%%

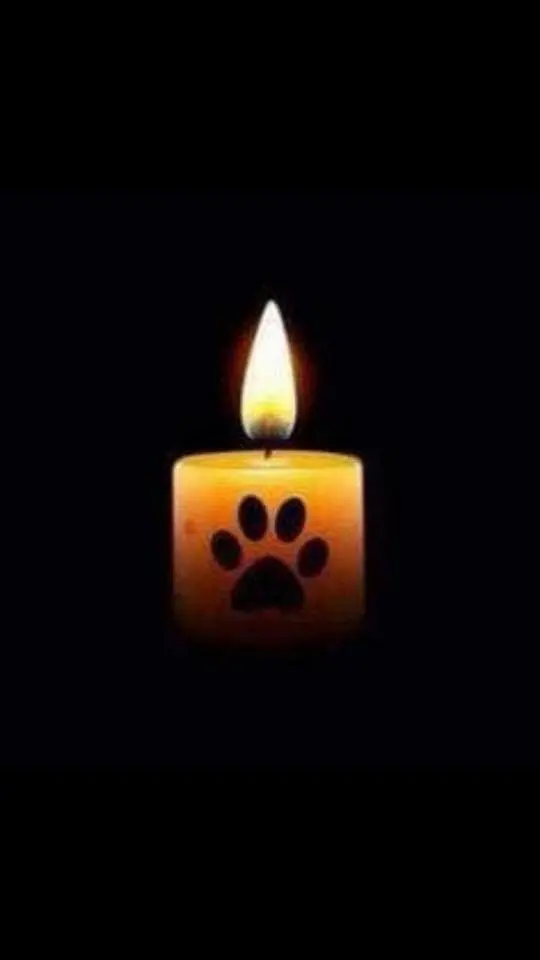 Condolence image of Für den lieben Artax ♥️⭐♥️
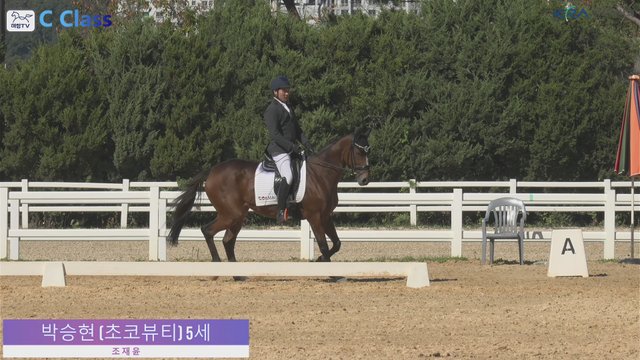 박승현 (초코뷰티) — 2026년 은퇴경주마 품평회 및 승마대회 결승 · 마장마술 C Class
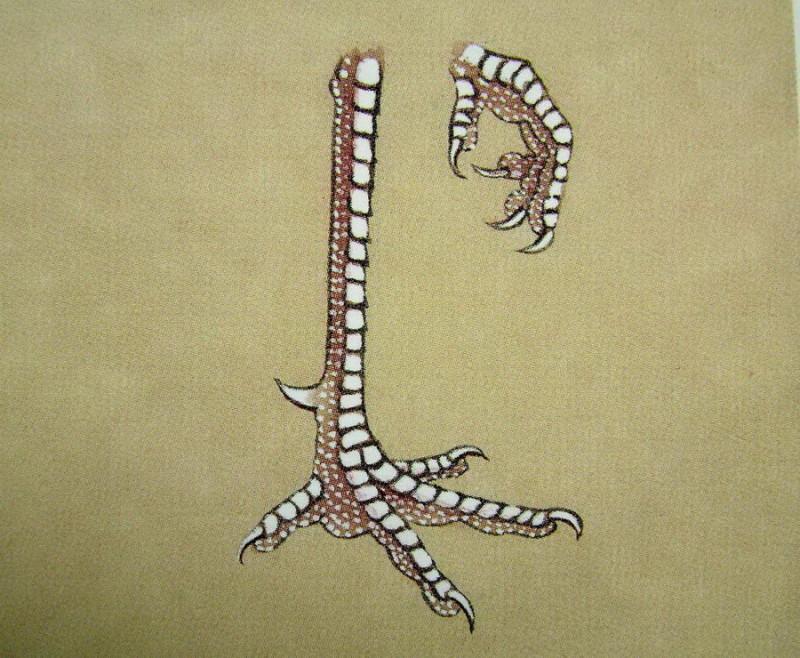 孔雀开屏的图片国画孔雀的画法,国画孔雀的画法图片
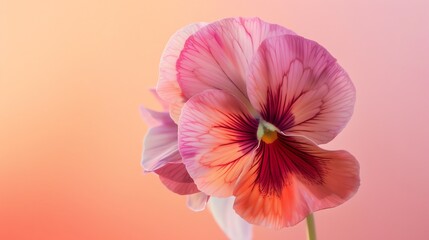 Fototapeta premium A beautiful close-up of a pink pansy flower in full bloom against a soft, blurred background.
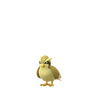 Pidgey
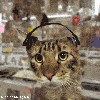 Файл=04lh7000.gif
Объём=115KB
Размеры=280x280
Дата=Дек 17, 2007 04lh7000.gif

%%

■ Brief ■
Copy every record above exactly, leaving out any pictures.

■ Answer space ■
 Condolence image of Für den lieben Artax ♥️⭐♥️
 박승현 (초코뷰티) — 2026년 은퇴경주마 품평회 및 승마대회 결승 · 마장마술 C Class
 孔雀开屏的图片国画孔雀的画法,国画孔雀的画法图片
 Fototapeta premium A beautiful close-up of a pink pansy flower in full bloom against a soft, blurred background.
 Pidgey
 Файл=04lh7000.gif
Объём=115KB
Размеры=280x280
Дата=Дек 17, 2007 04lh7000.gif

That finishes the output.